* _Exercise prompt_: Leave out the pictures and output exactly the lines below from the one with "HG 1/144 RX-178 Gundam Mk-II (A.E.U.G.)" down to the one with "Alto APM 120", both of them included.

* _Information provided_:
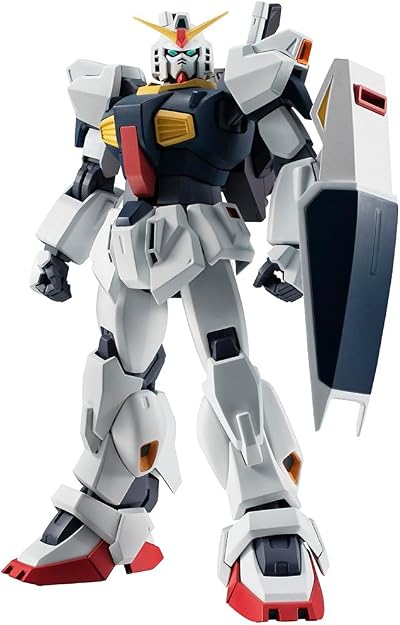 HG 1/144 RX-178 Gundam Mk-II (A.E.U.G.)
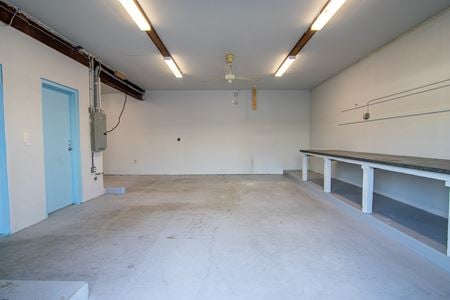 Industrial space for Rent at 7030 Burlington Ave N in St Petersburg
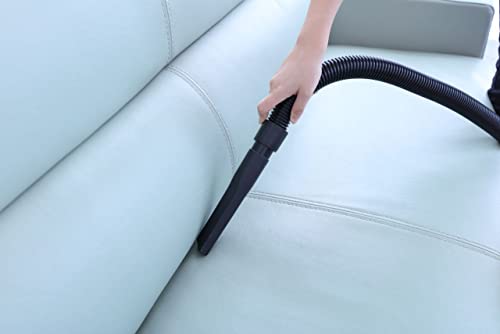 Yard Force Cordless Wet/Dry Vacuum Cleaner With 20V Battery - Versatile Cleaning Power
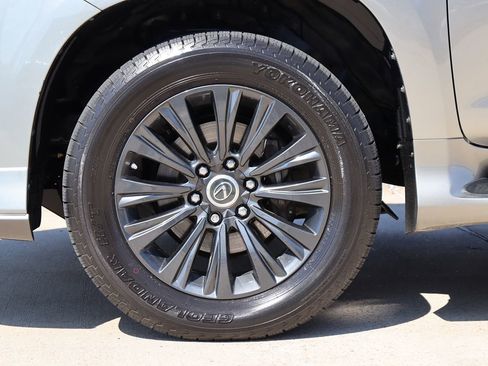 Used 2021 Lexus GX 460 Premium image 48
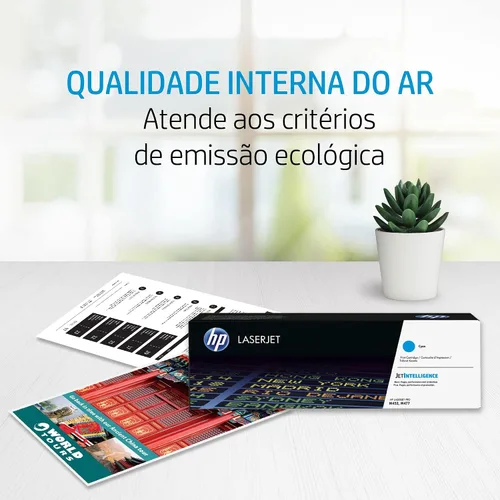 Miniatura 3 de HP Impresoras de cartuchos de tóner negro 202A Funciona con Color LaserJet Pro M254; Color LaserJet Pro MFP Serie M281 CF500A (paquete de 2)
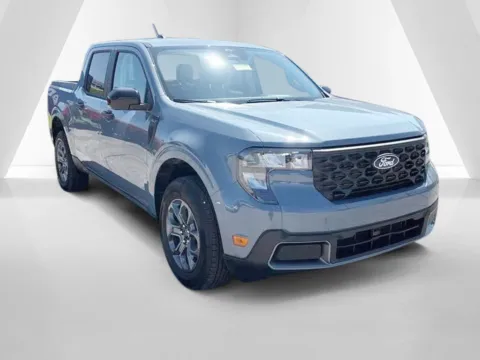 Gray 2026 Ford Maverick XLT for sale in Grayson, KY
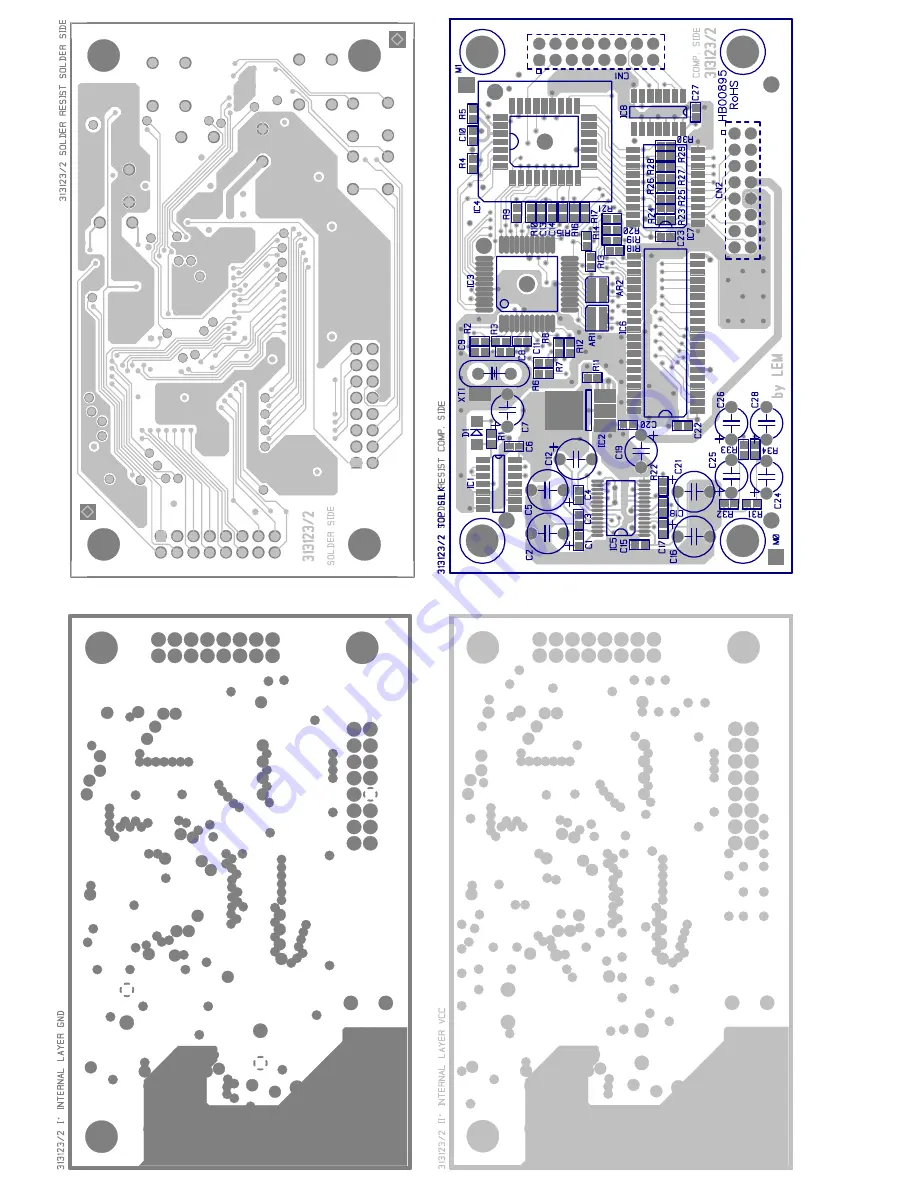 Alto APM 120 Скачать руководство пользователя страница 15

...

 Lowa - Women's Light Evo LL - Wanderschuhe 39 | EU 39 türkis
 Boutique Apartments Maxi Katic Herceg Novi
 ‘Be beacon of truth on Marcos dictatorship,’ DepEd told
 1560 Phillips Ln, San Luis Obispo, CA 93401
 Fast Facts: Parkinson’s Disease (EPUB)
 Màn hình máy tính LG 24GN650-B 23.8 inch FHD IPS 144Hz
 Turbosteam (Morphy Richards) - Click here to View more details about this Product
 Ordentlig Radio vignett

--

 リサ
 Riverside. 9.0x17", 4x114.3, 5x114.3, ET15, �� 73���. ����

* _Task result_:
 HG 1/144 RX-178 Gundam Mk-II (A.E.U.G.)
 Industrial space for Rent at 7030 Burlington Ave N in St Petersburg
 Yard Force Cordless Wet/Dry Vacuum Cleaner With 20V Battery - Versatile Cleaning Power
 Used 2021 Lexus GX 460 Premium image 48
 Miniatura 3 de HP Impresoras de cartuchos de tóner negro 202A Funciona con Color LaserJet Pro M254; Color LaserJet Pro MFP Serie M281 CF500A (paquete de 2)
 Gray 2026 Ford Maverick XLT for sale in Grayson, KY
 Alto APM 120 Скачать руководство пользователя страница 15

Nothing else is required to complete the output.